I used the water in the creek, and a razor she’d gotten with the money from Jon, to shave the beard blanketing her face. She stood patiently while I made long slow scrapes across her skin, eliminating evidence of Tommy’s existence hair by hair. Dried leaves clung to her clothes in hopes they could join her on her journey, but she denied them that future and brushed them off one by one. I dusted the dirt off her back, and smoothed out her un-brushed hair the best I could. 

We were both still a little drunk from the night before, maybe even high, but this was enough to sober us both, if only for a minute. Summer Rose had made her decision and there wasn’t anything I could do to change her mind. She turned to face me and we stood in each-others presence. 

“Goodbye,” I said, slicing through the quiet.

“Goodbye,” she said, leaning in and squeezing me tightly. I went to squeeze back but she had already released, walking now towards her new destination.

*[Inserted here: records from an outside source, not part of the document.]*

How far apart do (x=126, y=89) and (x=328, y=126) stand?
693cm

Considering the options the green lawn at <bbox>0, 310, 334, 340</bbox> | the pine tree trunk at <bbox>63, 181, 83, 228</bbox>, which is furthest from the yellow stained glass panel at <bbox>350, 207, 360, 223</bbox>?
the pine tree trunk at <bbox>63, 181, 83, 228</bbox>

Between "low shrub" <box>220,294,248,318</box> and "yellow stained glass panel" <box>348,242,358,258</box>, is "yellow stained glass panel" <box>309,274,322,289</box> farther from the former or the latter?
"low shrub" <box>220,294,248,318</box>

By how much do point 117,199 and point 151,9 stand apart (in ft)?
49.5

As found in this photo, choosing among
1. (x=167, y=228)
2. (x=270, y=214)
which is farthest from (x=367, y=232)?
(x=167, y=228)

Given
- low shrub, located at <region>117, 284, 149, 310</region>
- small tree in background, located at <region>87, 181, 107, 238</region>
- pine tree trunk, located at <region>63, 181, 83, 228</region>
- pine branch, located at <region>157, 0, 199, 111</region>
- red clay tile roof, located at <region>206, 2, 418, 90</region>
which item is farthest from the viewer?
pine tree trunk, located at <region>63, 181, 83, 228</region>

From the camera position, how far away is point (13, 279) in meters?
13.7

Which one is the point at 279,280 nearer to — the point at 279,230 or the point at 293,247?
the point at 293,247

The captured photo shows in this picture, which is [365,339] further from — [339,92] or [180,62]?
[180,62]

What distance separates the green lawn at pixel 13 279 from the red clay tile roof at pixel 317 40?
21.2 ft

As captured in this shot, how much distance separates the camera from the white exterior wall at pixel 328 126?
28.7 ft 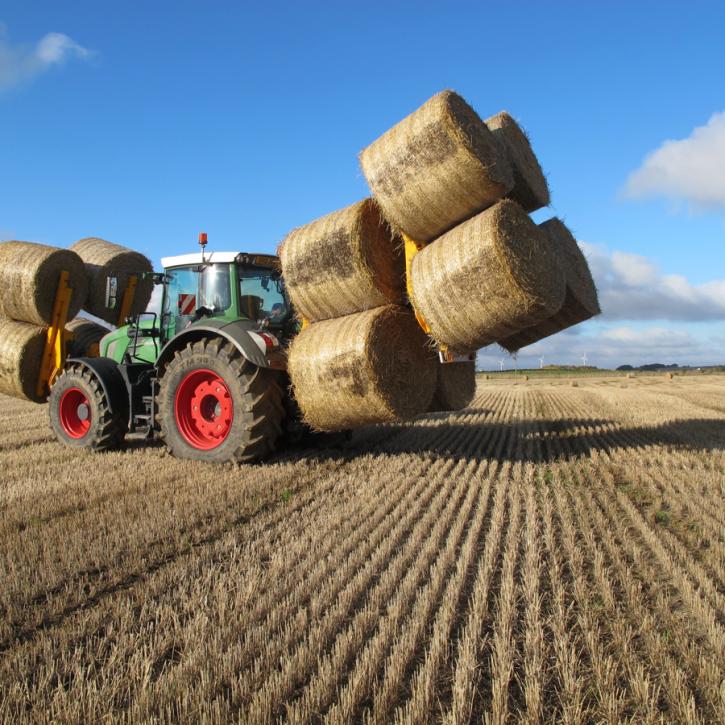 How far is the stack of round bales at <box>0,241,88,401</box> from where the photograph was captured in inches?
322

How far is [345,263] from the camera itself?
5262 mm

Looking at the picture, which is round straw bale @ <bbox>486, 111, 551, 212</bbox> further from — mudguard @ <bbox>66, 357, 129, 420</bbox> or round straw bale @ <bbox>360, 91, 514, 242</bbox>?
mudguard @ <bbox>66, 357, 129, 420</bbox>

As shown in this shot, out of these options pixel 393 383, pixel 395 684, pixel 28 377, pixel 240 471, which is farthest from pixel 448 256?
Result: pixel 28 377

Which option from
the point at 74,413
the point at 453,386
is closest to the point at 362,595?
the point at 453,386

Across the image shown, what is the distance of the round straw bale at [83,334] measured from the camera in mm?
9078

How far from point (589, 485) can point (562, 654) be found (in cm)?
325

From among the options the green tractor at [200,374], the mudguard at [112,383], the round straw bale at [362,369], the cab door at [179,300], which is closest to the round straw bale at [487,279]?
the round straw bale at [362,369]

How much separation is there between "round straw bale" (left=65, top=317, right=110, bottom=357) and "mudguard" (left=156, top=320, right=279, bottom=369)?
324cm

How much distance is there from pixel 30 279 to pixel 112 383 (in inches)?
97.2

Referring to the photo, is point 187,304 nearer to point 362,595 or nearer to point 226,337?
point 226,337

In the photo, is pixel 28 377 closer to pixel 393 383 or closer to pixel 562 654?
pixel 393 383

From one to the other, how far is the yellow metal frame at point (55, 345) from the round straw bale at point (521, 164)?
251 inches

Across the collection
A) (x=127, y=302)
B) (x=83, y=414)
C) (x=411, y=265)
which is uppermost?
(x=127, y=302)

I watched her walk deeper into the forest, the arms of the trees reached down to welcome her, to usher her along, until all I saw left were those trees. She’d disappeared. 

I was there at the beginning of Summer Rose’s life, and now for the end of Tommy’s. She didn’t know exactly where she was going, but wherever it was, it was a place she didn’t have to fight the world to become Summer Rose, it would be a place where that’s all she was known for, a place where she already was.